One of the most common pain-management regimes in the United States is opiod-based drug management. Unfortunately, opioids, such as OxyContin, are also the leading cause of overdoses, drug additions and overdose-related deaths in the United States.
"When we talk about chronic pain, like chronic low-back pain, physicians feel like they only have one bullet in their toolbox that works for many, many patients," Michael Oshinsky, program director for pain and migraine at the National Institutes of Health, said regarding opioids.

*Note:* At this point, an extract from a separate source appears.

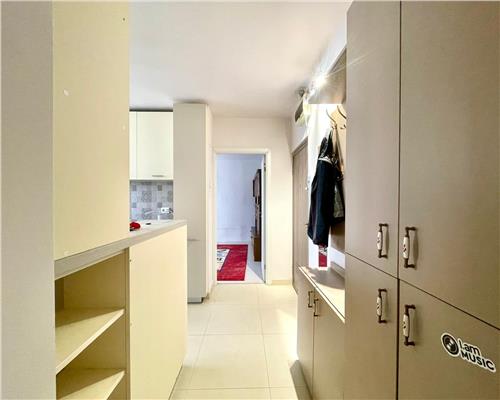 Apartament 2 camere, decomandat, zona Kaufland Marasti.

Bloomberg said, "The problem with narcotics is that in treating pain they affect an area of the brain that registers intense pleasure." On the other hand, "Centrexion's drugs are designed to target pain directly, without triggering the brain's reward system."

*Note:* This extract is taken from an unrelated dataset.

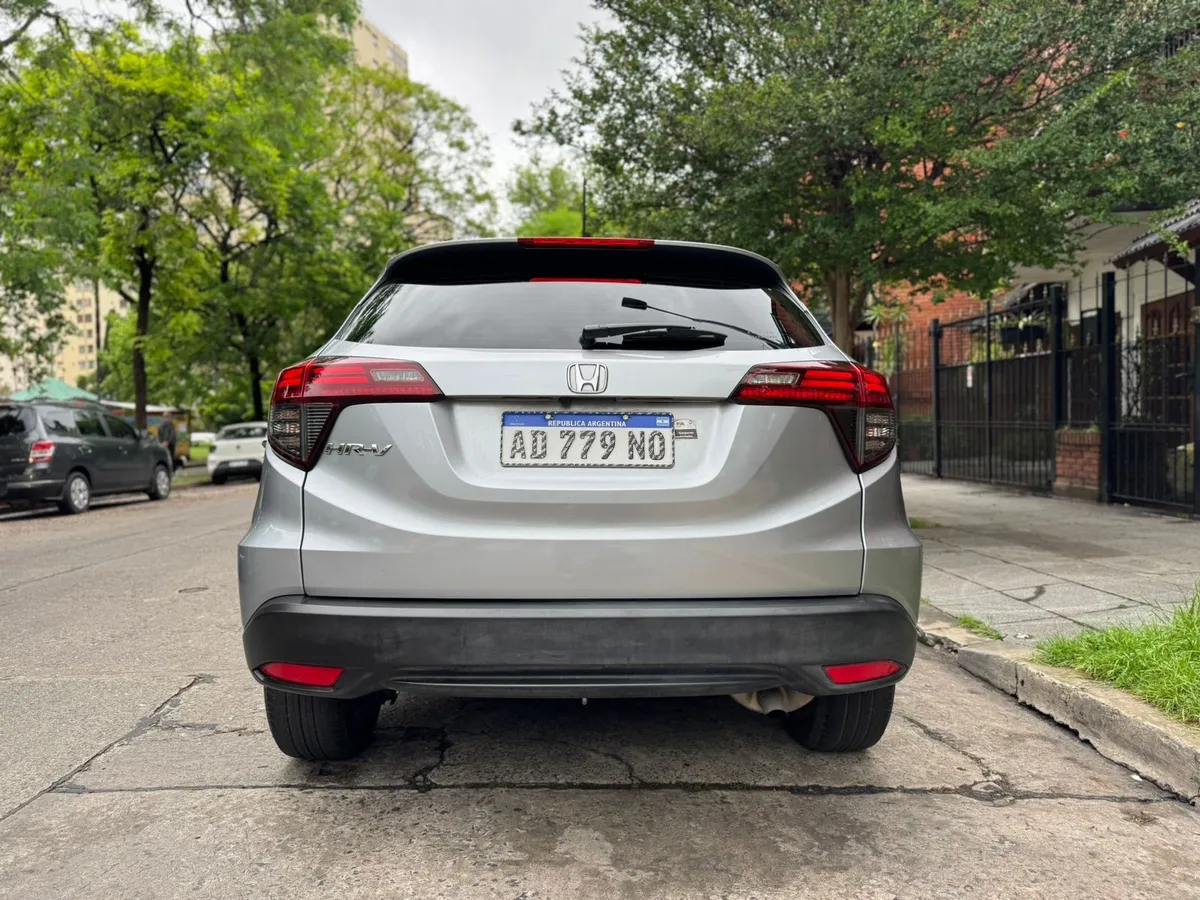 Mira esta publicación de Honda HRV 2019 en Motordil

"The company is developing an injectable drug to treat arthritis and foot pain that contains a synthetic version of capsaicin, a substance in chili plants." The report noted that it is the furthest along of five drugs Centrexion has in development; it could be available in the market by 2020.
"Truthfully, there aren't many, if any, really safe, effective chronic-pain treatments that have good duration, good safety, and nonaddictive properties," Kindler told Bloomberg.
"Some 33 experimental therapies for pain failed in trials from 2009 to 2015. Centrexion thinks it can beat the odds," according to Bloomberg.
"There hasn't been a lot going on in the pain space," Kerrie Brady, the company's chief business officer told Bloomberg. "There really hasn't been a lot of innovation out there."